I also like the “uncrop” photo enhancement from Red Dwarf.
Bonus(appear easy to do, but are actually hard): Micro-optimizations that target a specific platform: a combination of CPU-compiler-OS factors.
Porting software: There are tons of subtle unportable things and assumptions that hide under the surface.
Rewriting X in Y:lots of footgun and like inexact translation in natural languages can cause subtle bugs.
Makefiles and shell scripts: they look so simple, but try debugging a moderately complex makefile or shell scripts. Bash is especially sinister example.
Anything that talks to a closed/blackbox API or close-source library: the dependence on code that you can't debug in general.
Maintaining software in general as it grows in complexity.
Honestly, grab a random human and sit them next to you while you code a bubble sort algorithm or a prime number finder to see what I mean.
I started reading this story, got about halfway down, and the story stopped and I got this big centered H2 reading "Create an account to read the full story."
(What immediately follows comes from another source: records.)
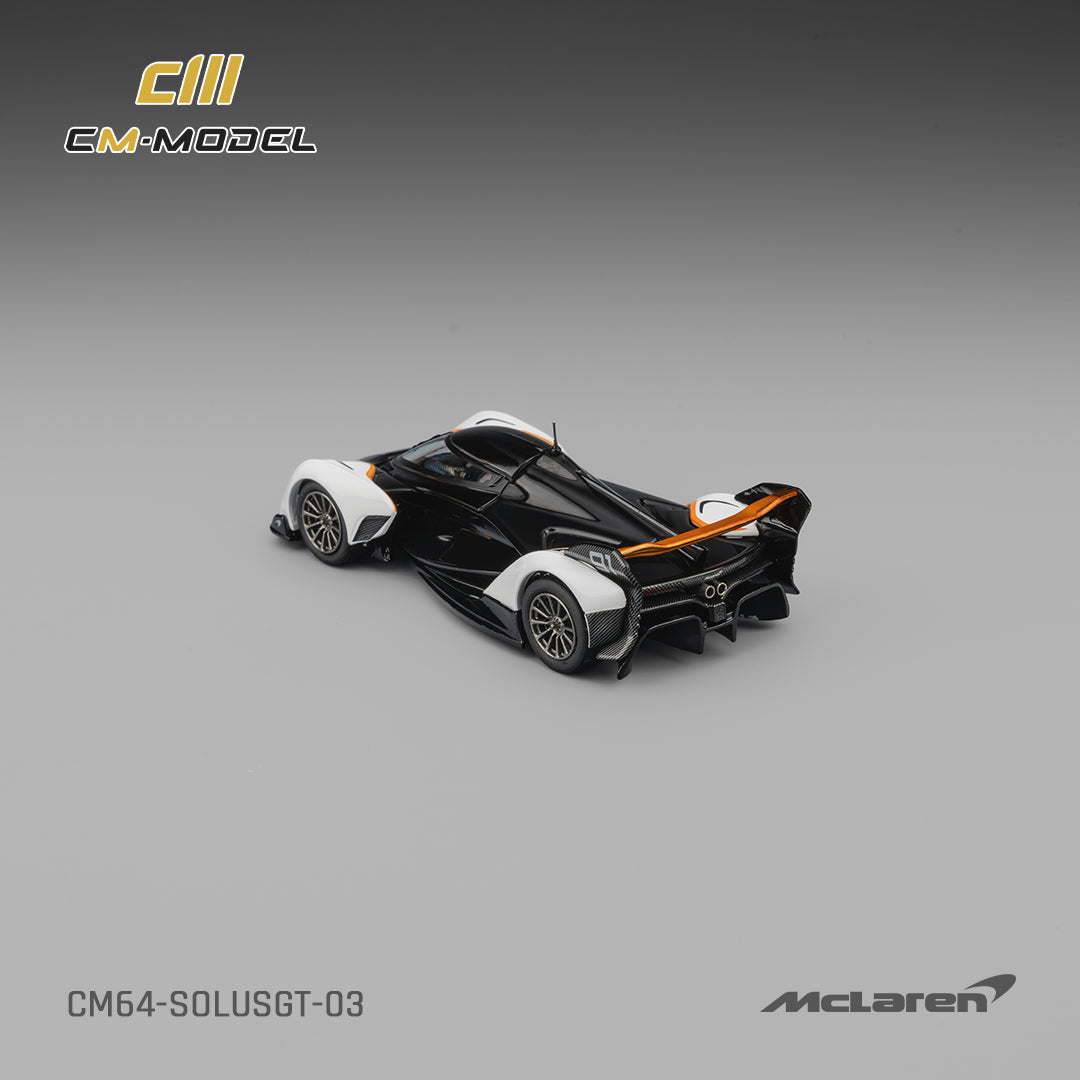 1/64 Mclaren Solus GT - CM Models - CM64-SOLUSGT-03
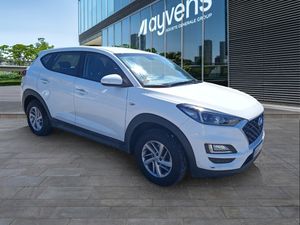 Hyundai Tucson (e) 1.6 Crdi 100kw (136cv) Train 4x4 - Foto 3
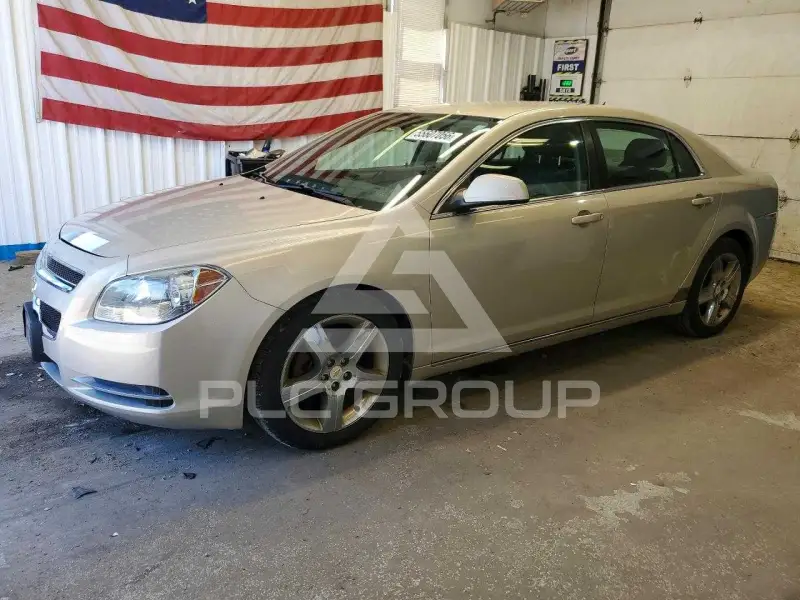 2011 Chevrolet Malibu фото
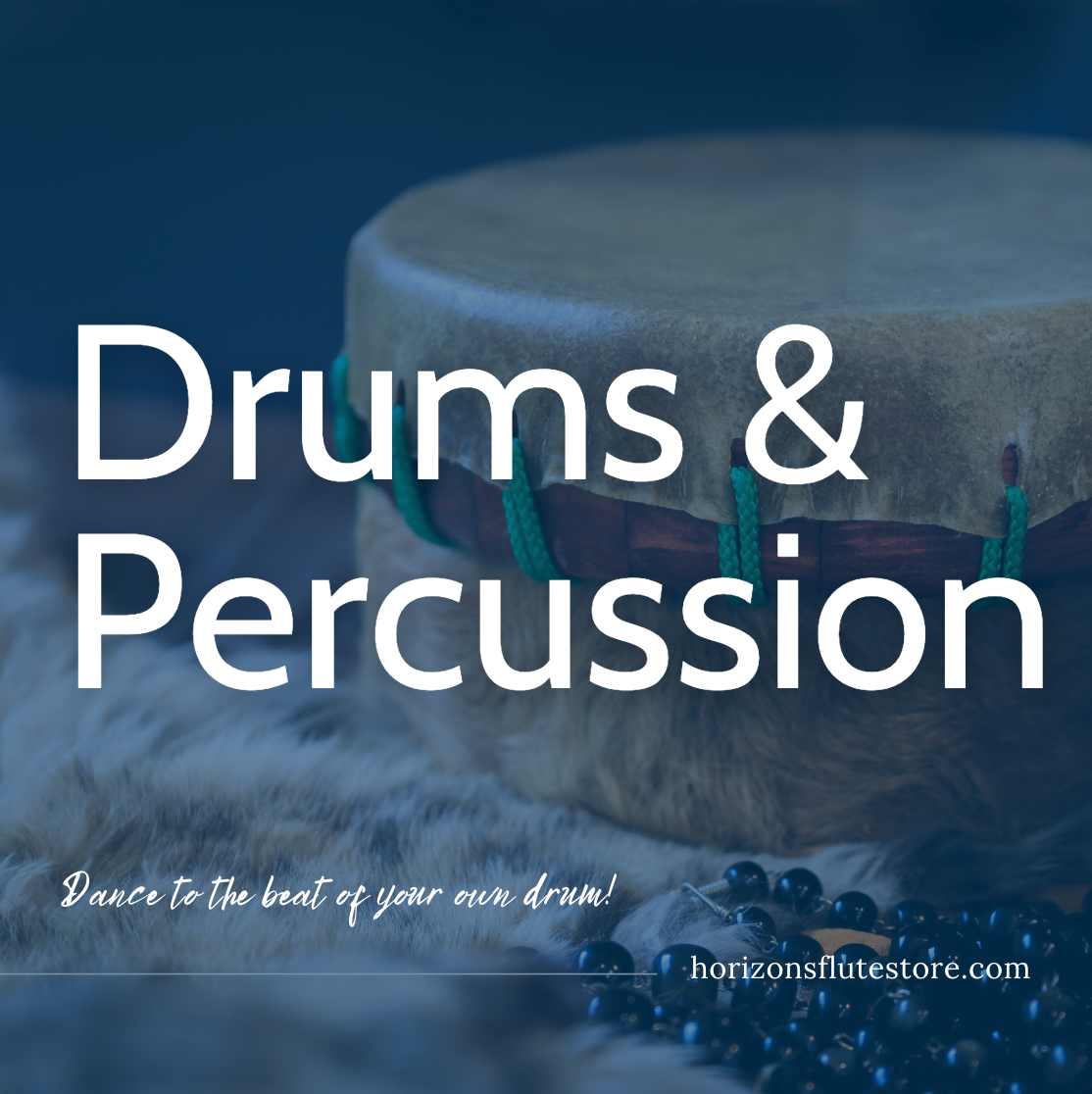 Drums & Percussion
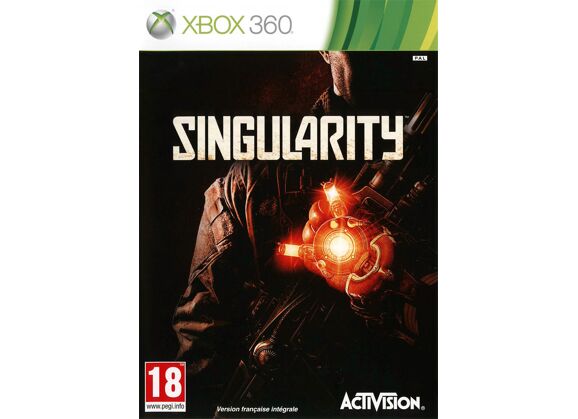 Image Jeux Vidéo Singularity Xbox 360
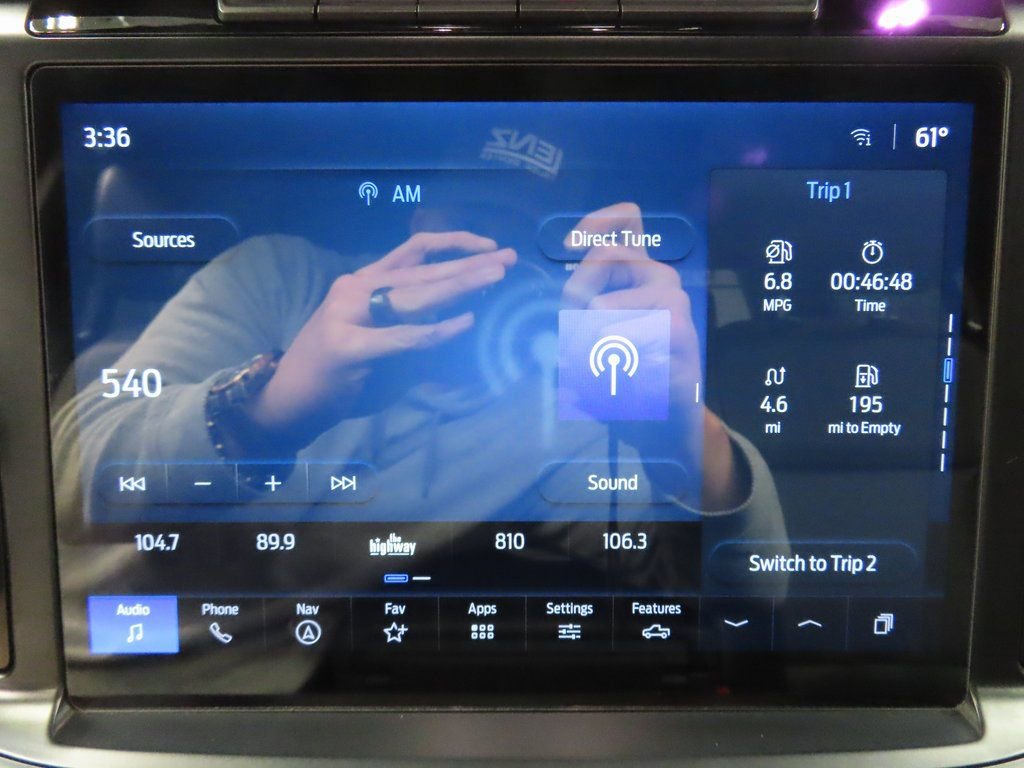 Used 2024 Ford F150 XLT w/ Equipment Group 303A High image 23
Fine, I want to read the rest. I create an account. I go back to the story. Now the story still stops at the same place but the big centered H2 has changed to "Jorgi, read this story from Tom Smykowski — and all the best stories on Medium" and there's an "Upgrade" button. That was not our deal, Medium! You said I could create an account to read the full story.
So I click the button and it takes me to the signup page, of course on the "pay annually tab," with a small white button on a white background that reads 'monthly' for other options. Fuck you, Medium.
I can only imagine substack will end up the same in a few years time. These platforms get all hyped up and end up drowned in spam and low quality stuff when they go mainstream.